Only the lines from the one containing "Mayhem Canyon Mineral" to the end of the records belong in the copy. Reproduce them word for word and drop the pictures.

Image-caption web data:
================
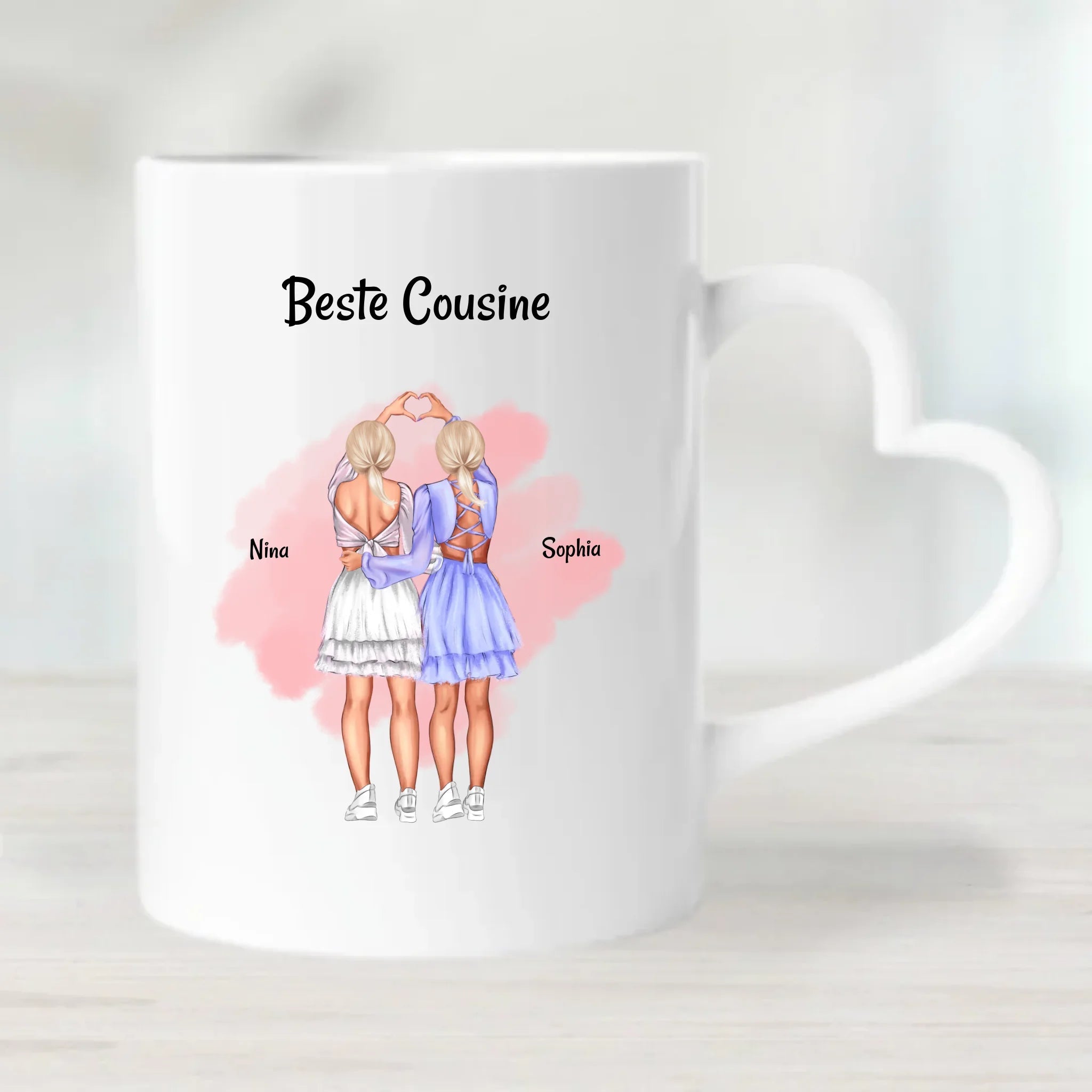 Tasse für Cousine zum Geburtstag personalisieren - Cantty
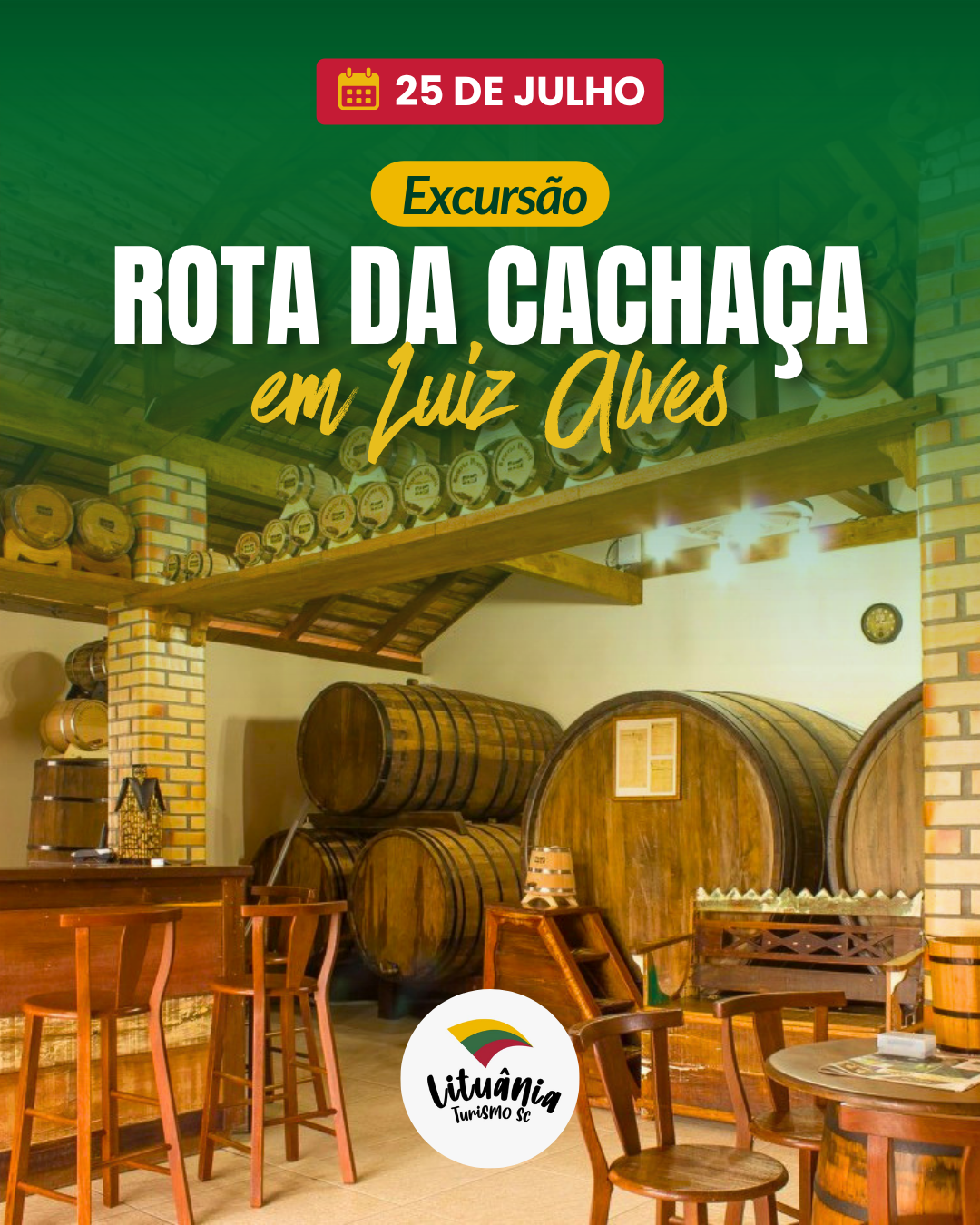 Rota da cachaça em Luiz Alves 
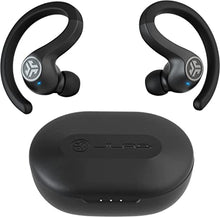 Load image into Gallery viewer, JLab JBuds Air Sport True Wireless Bluetooth Earbuds + Charging Case | Black | IP66 Sweat Resistance - Class 1 Bluetooth 5.0 Connection | 3 EQ Sound Settings JLab Signature, Balanced, Bass Boost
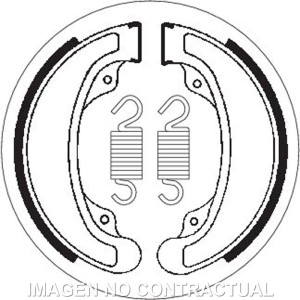 Mordaza de freno SBS P2058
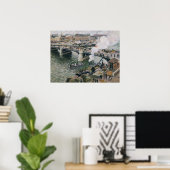 Poster Camille Pissarro Pont Boieldieu à Rouen Peinture (Bureau à domicile)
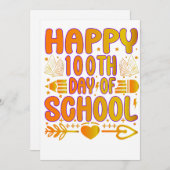 Happy 100th Day of School Invention Cart  100 Day Kaart (Voorkant / Achterkant)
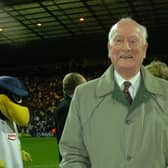 Sir Tom Finney was presented with a cake and cards on his 83rd birthday during half-time of Preston North End's win over Brighton in April 2005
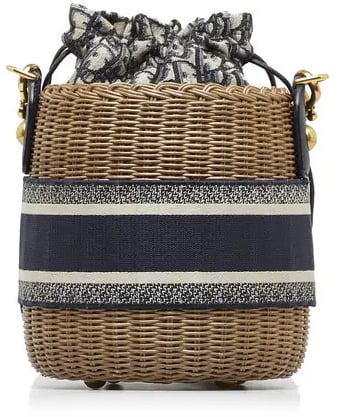 Christian Dior Bucket Rotin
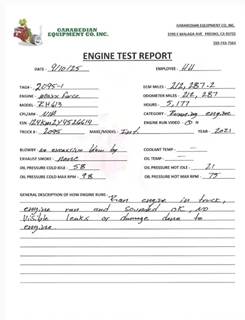 International A26 Engine for a International RH613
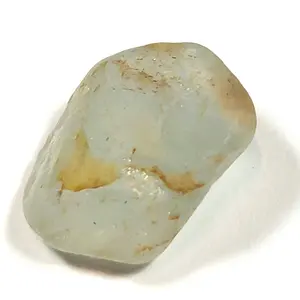 Mayhem Canyon Mineral Co. Raw Smooth Topaz Specimen - Pale Greenish-Blue Color - Approximately 0.625" - 4.13g - WYSIWYG - Gemstone for Collectors and Lapidaries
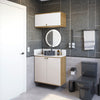 Vanitory Baño Kappesberg 80cm MDF Marrón y Blanco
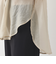 オーバーシルエットシアーブラウス[40813305]natural mist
================
Output for this exercise:
 Mayhem Canyon Mineral Co. Raw Smooth Topaz Specimen - Pale Greenish-Blue Color - Approximately 0.625" - 4.13g - WYSIWYG - Gemstone for Collectors and Lapidaries
 Vanitory Baño Kappesberg 80cm MDF Marrón y Blanco
 オーバーシルエットシアーブラウス[40813305]natural mist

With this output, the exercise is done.